Wednesday, June 11, 2014

Traceability of food products

The emergence concept of keeping track of food products and their different ingredients through the various stages for filed to plate offers a potential means of managing some of the safety and quality concerns around food.

Traceability is the ability to follow the movement of a food product through the stages of production, processing and distribution. It has existed for years, although it has and does go by other names such as logistics control, inventory management and on the food safety side, involves product recalls.

Traceability, the documentation of product flows, is a means to make the history of a product available for inspection.

Primary traceability functions include real item access to the current product location, product status, the responsible worker for the product, the destination of a specific product and a list with the batch numbers and suppliers of the raw materials used to produce a certain products.

Traceability includes both traceback and trace forward. Traceback is the ability to trace a food product from the retail shelf back to the farm.

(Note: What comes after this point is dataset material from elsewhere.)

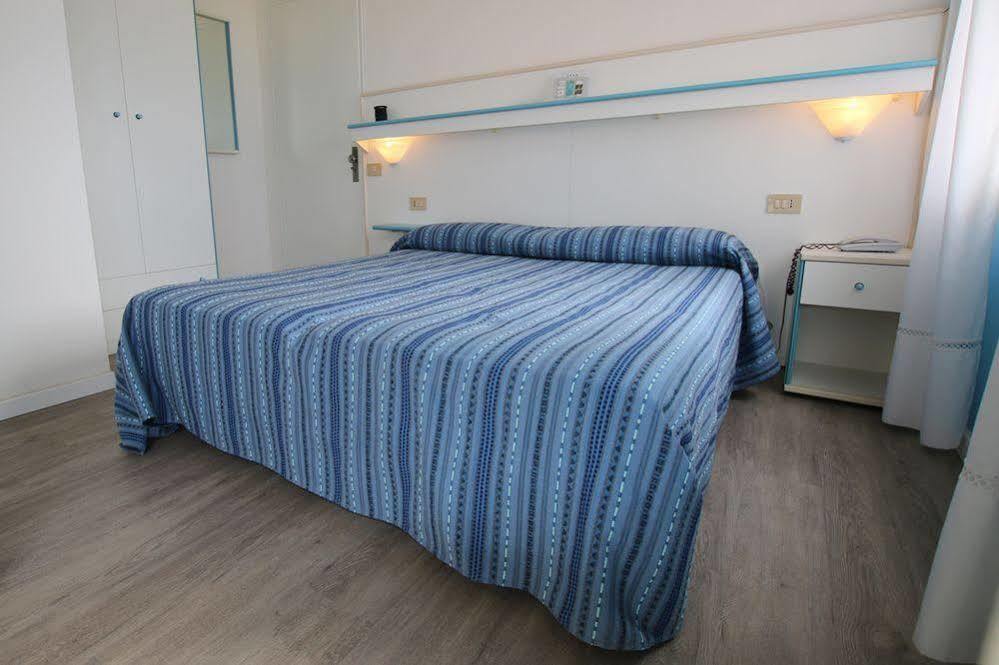 Hotel Garni' Serena Caorle Bagian luar foto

Conversely, trace forward is the ability to trace a food product from the farm forward to the retail shelf.

Traceability is often needed to identify the resources of food contamination and the recipients of contaminated food in product recalls and seizures.

Systems of traceability are generally paper based although electronic methods are becoming more common.

The use do bar-codes to identify products, manufacturers etc., means that an electronic of traceability can be relatively easily sustained using bar-code scanners linked or downloading to computer system.